Source: Film and TV Charity

Working class representation within the UK’s film, TV and radio industries is at its lowest level for over a decade, according to research revealed by Channel 4 News.  

The Creative Industries Policy and Evidence Centre research shows that just over 8% of creatives in these industries in England, Wales and Northern Ireland come from working class backgrounds. 

More widely, 60% of arts, culture and heritage workers grew up in a household where the main income earner was in a ‘managerial or professional’ role, compared to the equivalent figure for the whole workforce of 43%. 

The research comes despite myriad diversity policies and initiatives from both broadcasters and production companies designed to help people from lower socioeconomic backgrounds enter the industry.  

The Creative Industries Policy and Evidence Centre research also revealed an extreme lack of ethnic diversity, with the report stating that 90% of those working in the arts are white.
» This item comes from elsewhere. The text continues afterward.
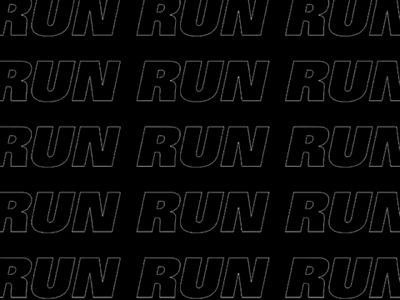 Run Motion ae after effects animation black black white c4d cinema4d designer inspiration kinetic mograph motion motion designer run type typography white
According to the Government’s last consensus data in 2021, 82% of people in England and Wales are white. In London, this dips to 53.8%. 

Further, 70% of those in managerial jobs in the creative industries are men, with just 1% of those managers identifying as Black.  

Head of policy at Creative PEC Bernard Hay said that the research shows “the likelihood of someone participating or working in arts, culture and heritage still varies significantly depending on a range of factors.”  

“Viewed together and in the context of funding challenges for UK arts, culture and heritage, as well as a cost-of-living crisis, this report shows that we still have a long way to go to address social inequalities in many parts of the sector.”  

He also called on the government for “ambitious policymaking” to help shift the dial.  

Doc filmmaker Sam Oddie, who was interviewed by Channel 4 news as part of its coverage, said: “People from working class backgrounds often don’t have that belief that they can go for what they want to in their career” and that he struggles to “do what he loves full time.”  

Also speaking in the Channel News report, actor Samira Ahmed spoke about her experience at drama school, describing it as “traumatic” and added “everyone there was predominantly white, middle class or posh.”  

In response, a government spokesperson told Channel 4 News that it is “committed to growing a creative sector with growing opportunities for all, creating new pathways for the industry through training and education.”